AIM OF THE TASK: Every line between the one containing "Doktor Murek soundtrack" and the last line of the data, both included, is to be set down exactly, and pictures are to be omitted.

DATASET RECORDS:
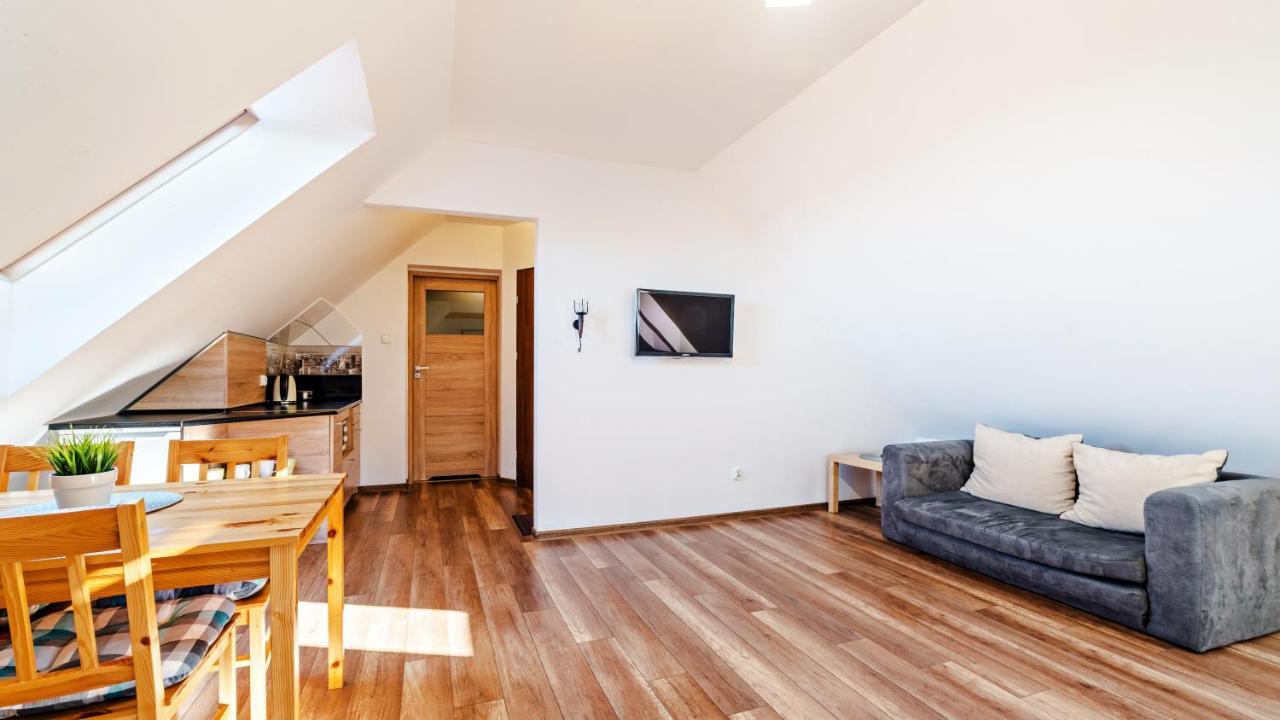 Apartamenty Sun & Snow Lesny Dom Karpacz Kültér fotó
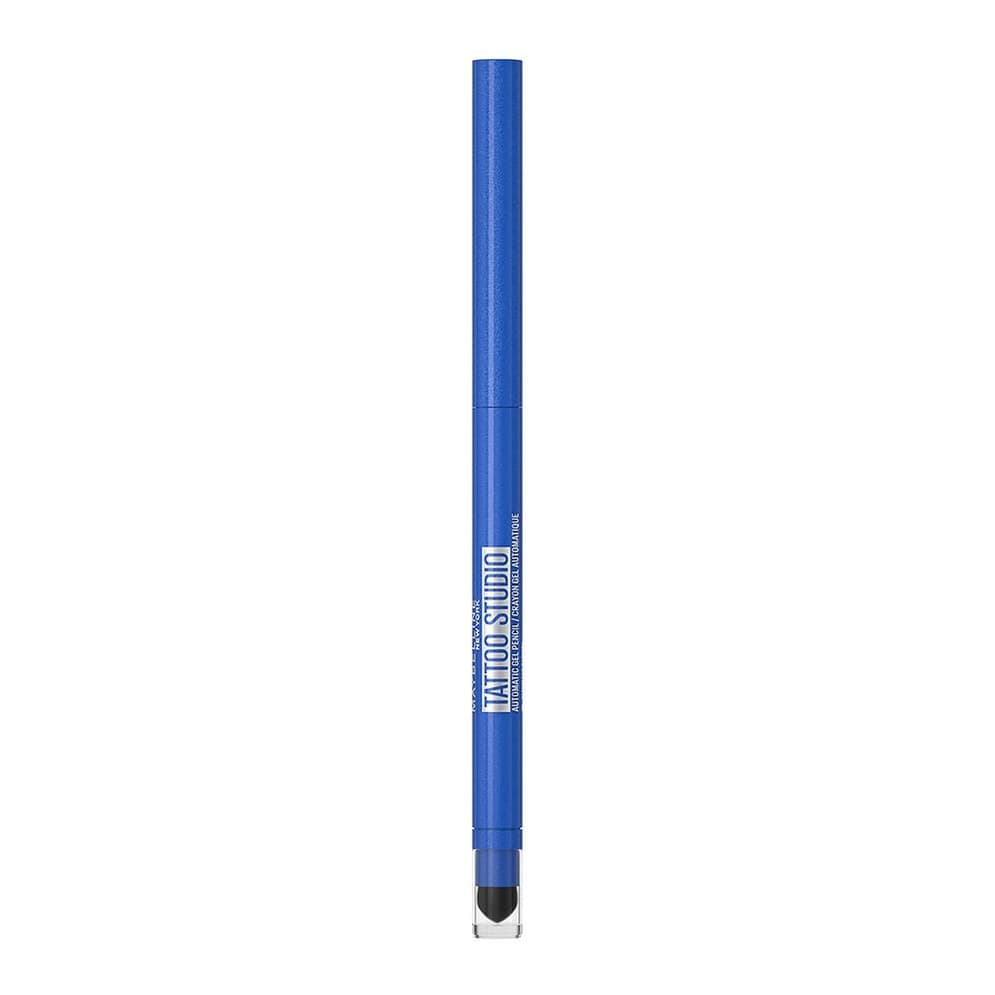 Automatic Gel Pencil Waterproof Eyeliner, Sleepless Sapphire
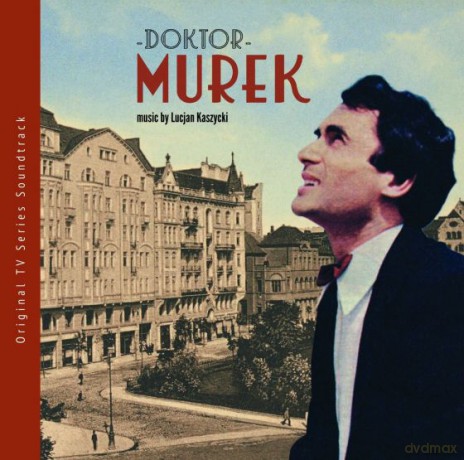 Doktor Murek soundtrack (Lucjan Kaszycki) [CD]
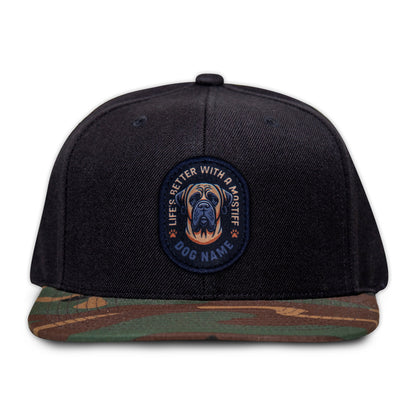 Mastiff Flat Bill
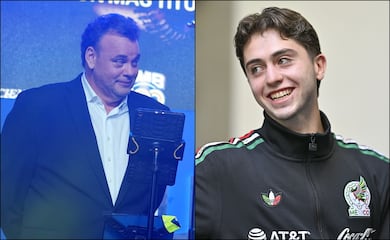 Brian Gutiérrez provoca que usuarios revienten a David Faitelson ¡Le dieron con todo!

SOLUTION FOR THIS TASK:
 Doktor Murek soundtrack (Lucjan Kaszycki) [CD]
 Mastiff Flat Bill
 Brian Gutiérrez provoca que usuarios revienten a David Faitelson ¡Le dieron con todo!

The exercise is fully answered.